Singer/songwriter Kevin Parker revels in this cornucopia of sound—it’s the antidote to the social alienation he describes in his lyrics. Among other things, this album is an ode to solitude, most clearly evidenced in the appropriately-titled “Solitude is Bliss,” on which he admits that “movement doesn’t flow quite like it does when I’m alone.” On “It Is Not Meant To Be,” Parker encounters the girl of his dreams; rather than be with her, however, “in all honesty” he’s “happy just to watch her move.” On “Desire Be Desire Go,” he asks the classic recluse’s question: “Dare I face the real world?” On “Expectations,” Parker is his most devastatingly honest when he dreams that he will “escape. I’ll never ever have to see another disappointed face, no one to please. Every now and then, it feels like in all of the universe, there is nobody for me.” But the riff that follows these lines is far from sad—it’s the subtly shifting, mechanically beckoning sound of someone happily zoning out.

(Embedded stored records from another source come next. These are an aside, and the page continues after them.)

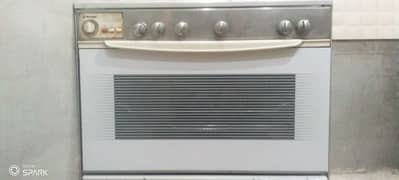 5 Burner Italian Imported Cooking Range Tecnogas Oven
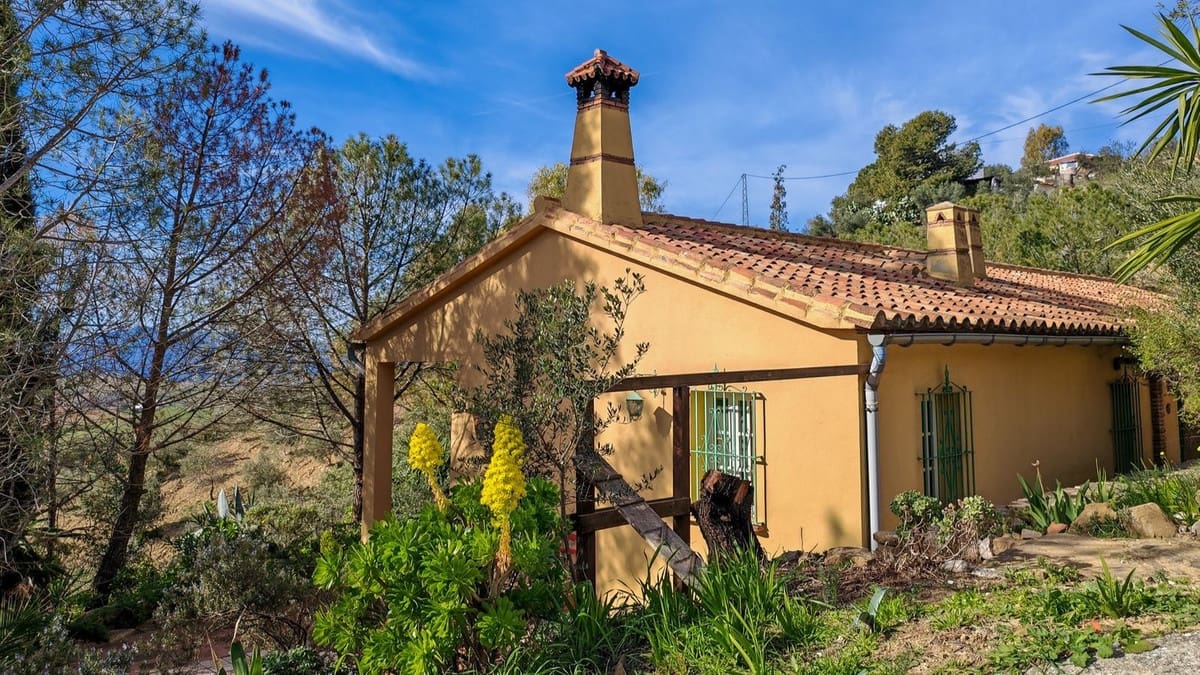 5 slaapkamer Finca/Landhuis te koop in Villanueva de la Concepcion met zwembad garage - € 525.000 (Ref: 8716883)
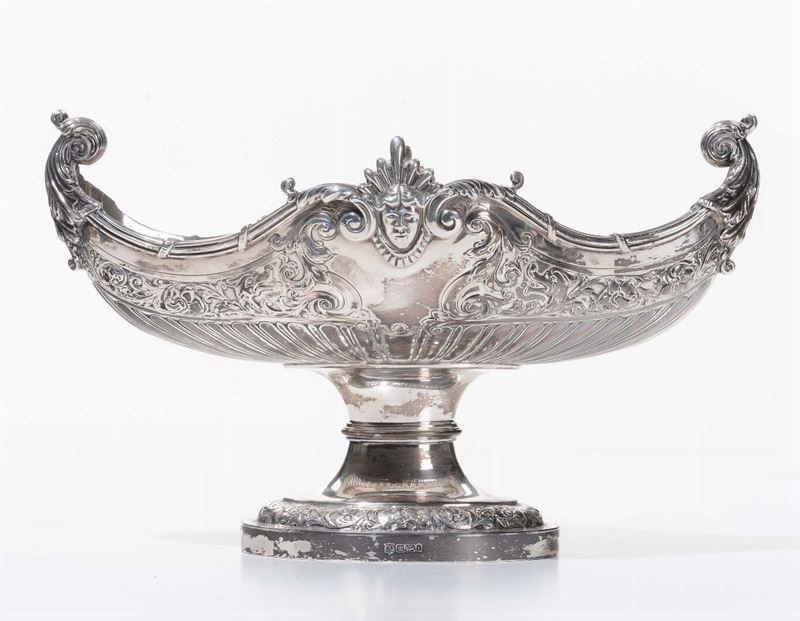 Centrotavola in metallo argentato  - Asta Antiquariato e Dipinti Antichi - I - Cambi Casa d'Aste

The melodies on Innerspeaker capture the lyrics’ sense of detachment. Parker isn’t lonely, because loneliness implies dissatisfaction. And unlike, say, Syd Barrett, Parker’s isolation isn’t the result of mental deterioration; he may be wary of social contact, but he builds up no walls to keep people out. The spirit of the album is one of someone discovering the depths of his senses, of someone wandering through a record shop and trying the different genres on, mixing and matching styles as though he were modeling clothing. But nothing ever clashes; the varied elements of these songs don’t compete but rather harmonize, working together to emanate an effortless, dreamlike vibe, a “chill” record if ever there was one. The end product is a work that reveals both musical knowledge on the part of its creators as well as Parker’s predilection for time spent alone. Of course, he’s only alone in relation to other people; music this rich in detail and polyphony can only come from people who see themselves as small parts of an infinitely exotic and wonderful environment—people who actually never feel forsaken. Innerspeaker celebrates, above all else, itself. And it has every right to.